### RECORDS PROVIDED
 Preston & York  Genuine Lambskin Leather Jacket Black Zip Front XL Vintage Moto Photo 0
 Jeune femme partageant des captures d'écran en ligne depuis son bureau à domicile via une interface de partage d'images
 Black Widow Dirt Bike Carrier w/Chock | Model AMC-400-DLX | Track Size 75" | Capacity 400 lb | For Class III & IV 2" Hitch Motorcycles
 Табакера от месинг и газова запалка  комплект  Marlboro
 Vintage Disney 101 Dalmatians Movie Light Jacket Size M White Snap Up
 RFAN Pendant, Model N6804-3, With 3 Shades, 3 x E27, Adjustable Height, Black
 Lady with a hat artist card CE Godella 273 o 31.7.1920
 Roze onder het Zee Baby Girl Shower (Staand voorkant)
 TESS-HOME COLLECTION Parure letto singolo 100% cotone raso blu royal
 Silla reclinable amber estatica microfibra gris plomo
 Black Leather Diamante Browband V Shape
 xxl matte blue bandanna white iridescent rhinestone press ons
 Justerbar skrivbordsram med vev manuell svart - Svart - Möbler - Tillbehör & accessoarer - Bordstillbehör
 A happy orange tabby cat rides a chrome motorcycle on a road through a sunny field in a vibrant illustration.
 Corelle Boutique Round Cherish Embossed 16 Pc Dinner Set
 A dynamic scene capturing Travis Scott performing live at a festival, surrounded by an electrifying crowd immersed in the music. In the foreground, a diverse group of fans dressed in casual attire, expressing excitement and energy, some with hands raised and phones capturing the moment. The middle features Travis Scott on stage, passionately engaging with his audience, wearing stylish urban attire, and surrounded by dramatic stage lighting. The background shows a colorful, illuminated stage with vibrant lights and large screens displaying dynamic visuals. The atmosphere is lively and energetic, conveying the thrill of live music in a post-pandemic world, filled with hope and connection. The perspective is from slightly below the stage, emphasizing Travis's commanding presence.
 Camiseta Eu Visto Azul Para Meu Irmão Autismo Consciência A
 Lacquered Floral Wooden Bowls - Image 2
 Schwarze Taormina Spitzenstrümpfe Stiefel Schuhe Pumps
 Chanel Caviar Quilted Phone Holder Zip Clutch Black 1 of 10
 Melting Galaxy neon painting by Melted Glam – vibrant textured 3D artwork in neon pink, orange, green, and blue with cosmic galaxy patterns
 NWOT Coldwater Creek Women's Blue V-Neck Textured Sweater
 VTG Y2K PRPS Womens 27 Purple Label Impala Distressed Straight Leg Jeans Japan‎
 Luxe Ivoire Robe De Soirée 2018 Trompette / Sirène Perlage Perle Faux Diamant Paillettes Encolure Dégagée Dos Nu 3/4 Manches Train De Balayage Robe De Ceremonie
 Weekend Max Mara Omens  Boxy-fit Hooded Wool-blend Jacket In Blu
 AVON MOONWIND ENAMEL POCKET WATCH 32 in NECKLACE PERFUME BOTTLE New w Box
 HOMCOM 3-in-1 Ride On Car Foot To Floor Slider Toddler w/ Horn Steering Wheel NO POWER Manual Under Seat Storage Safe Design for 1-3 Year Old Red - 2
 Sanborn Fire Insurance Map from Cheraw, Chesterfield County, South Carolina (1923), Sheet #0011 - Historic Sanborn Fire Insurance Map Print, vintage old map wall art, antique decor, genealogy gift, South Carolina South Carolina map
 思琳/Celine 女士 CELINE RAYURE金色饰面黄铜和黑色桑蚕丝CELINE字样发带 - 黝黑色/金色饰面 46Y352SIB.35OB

### EXERCISE PROMPT
Among the entries above, how many lines have the string "Jacket" in them? Only the number should be given.

### RESULT OF THE TASK
3